** TASK TO CARRY OUT **
From the entries, copy each line that includes "wheel".

** Stored data entries **
┌──

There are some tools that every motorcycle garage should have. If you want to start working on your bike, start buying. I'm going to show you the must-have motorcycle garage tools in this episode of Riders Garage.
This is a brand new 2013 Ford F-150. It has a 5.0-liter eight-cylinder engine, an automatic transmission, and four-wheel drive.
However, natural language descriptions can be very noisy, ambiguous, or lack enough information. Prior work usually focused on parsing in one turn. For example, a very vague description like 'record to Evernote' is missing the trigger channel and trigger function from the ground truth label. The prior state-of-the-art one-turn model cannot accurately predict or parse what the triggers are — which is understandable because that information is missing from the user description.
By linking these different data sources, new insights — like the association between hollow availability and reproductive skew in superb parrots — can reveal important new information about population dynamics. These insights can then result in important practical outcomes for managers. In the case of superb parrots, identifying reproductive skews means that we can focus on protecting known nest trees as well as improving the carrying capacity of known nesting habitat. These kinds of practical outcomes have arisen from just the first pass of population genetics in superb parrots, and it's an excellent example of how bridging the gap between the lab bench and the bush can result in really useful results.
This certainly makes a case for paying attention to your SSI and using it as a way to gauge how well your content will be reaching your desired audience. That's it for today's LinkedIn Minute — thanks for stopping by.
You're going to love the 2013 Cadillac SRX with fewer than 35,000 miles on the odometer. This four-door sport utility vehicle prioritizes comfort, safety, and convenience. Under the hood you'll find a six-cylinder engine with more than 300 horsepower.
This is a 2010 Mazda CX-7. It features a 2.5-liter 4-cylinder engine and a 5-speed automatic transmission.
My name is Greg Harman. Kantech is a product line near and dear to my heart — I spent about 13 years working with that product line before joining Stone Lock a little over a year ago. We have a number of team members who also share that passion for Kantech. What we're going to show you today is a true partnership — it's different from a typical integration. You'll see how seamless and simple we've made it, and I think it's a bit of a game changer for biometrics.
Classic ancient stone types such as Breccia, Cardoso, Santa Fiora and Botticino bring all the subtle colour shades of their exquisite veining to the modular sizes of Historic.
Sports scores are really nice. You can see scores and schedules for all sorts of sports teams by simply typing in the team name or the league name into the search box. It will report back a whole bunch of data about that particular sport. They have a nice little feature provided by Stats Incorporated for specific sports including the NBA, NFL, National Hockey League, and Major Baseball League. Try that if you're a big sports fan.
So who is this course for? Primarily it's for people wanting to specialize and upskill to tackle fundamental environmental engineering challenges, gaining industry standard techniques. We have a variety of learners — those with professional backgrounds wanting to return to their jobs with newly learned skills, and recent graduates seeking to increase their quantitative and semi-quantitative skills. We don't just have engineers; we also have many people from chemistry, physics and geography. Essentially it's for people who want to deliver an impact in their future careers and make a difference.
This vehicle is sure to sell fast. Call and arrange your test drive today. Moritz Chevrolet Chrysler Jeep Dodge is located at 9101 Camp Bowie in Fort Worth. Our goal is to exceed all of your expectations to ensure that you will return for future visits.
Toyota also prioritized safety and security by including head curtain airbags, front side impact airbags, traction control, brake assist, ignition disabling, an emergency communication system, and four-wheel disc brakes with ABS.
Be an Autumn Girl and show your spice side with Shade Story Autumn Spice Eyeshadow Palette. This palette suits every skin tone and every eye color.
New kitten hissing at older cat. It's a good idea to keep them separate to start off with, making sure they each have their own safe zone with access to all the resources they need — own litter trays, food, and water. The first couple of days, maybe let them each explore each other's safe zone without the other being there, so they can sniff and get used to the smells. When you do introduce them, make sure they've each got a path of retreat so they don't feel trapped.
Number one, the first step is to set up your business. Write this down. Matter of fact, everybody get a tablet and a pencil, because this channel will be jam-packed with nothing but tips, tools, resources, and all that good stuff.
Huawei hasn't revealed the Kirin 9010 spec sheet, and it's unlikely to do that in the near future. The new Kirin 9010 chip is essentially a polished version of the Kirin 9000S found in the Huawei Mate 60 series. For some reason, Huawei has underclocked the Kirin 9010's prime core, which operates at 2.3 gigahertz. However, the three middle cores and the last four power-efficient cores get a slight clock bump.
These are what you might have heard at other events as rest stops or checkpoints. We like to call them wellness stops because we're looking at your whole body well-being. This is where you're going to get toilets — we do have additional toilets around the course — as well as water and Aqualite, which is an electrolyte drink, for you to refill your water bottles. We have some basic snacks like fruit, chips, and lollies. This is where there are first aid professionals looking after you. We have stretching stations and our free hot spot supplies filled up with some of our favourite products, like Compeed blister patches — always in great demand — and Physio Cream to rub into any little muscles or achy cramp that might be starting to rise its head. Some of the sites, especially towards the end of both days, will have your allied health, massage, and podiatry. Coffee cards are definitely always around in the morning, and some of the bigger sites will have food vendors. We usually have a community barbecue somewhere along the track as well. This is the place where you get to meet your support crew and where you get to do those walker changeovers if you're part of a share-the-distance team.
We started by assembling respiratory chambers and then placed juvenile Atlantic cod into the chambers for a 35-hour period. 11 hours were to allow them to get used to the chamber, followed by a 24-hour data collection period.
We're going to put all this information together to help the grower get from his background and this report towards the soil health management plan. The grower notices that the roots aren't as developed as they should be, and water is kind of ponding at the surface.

└──

** FINISHED TASK **
This is a brand new 2013 Ford F-150. It has a 5.0-liter eight-cylinder engine, an automatic transmission, and four-wheel drive.
Toyota also prioritized safety and security by including head curtain airbags, front side impact airbags, traction control, brake assist, ignition disabling, an emergency communication system, and four-wheel disc brakes with ABS.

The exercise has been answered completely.